Thomas Dolby an English musician, singer and producer features on Vintage TV

Familiar faces from the world of entertainment and sport create My Vintage sessions for Vintage TV. Guests select and play 12 to 15 songs of their choice. They introduce each music video after recalling personal memories they associate with the song, the act or the video itself and reminisce about why these songs are important to them.

Recorded in the intimate setting of Dean Street Studios, the show has an informal feel that evokes the creative atmosphere of a recording studio.

We have filmed over 200 episodes to date with guests including, Twiggy, Dame Esther Rantzen, Bruce Welch, Holly Johnson, Suzi Quatro, Glen Matlock, Joan Armatrading, Paul Carrack, Richard Thompson, Hazel O’Connor, Rick Wakeman, Midge Ure, Sandie Shaw – the list goes on and on…

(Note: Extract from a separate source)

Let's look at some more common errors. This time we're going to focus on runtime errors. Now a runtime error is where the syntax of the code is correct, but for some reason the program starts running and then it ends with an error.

Check out Thomas Dolby’s website at http://www.thomasdolby.com/

Or visit Vintage TV For videos like this.

 

Biographical Information about Thomas Dolby

Thomas Morgan Robertson born 14 October 1958, known by the stage name Thomas Dolby, is an English musician, singer and producer. His hit singles include “She Blinded Me with Science” from 1982 and the 1984 single “Hyperactive!”. He has also worked in production and as a session musician, as a technology entrepreneur in Silicon Valley, and as the Music Director for the TED Conference. Currently on faculty at the Peabody Institute at Johns Hopkins University, Dolby will lead Peabody’s Music for New Media program, slated to enroll its first students in the fall semester of 2018. The Thomas Dolby stage name originated from a nickname that he picked up in the early 1970s, when he was “always messing around with keyboards and tapes”.His friends nicknamed him “Dolby”, from the name of the audio noise-reduction process of Dolby Laboratories used for audio recording and playback. Robertson chose to adopt the stage name “Thomas Dolby” to avoid confusion with British singer Tom Robinson, who was popular when Robertson began his career. Early publicity implied that “Dolby” was a middle name, and that the artist’s full name was Thomas Morgan Dolby Robertson; this is legally incorrect, but he does sometimes informally go by the initials TMDR.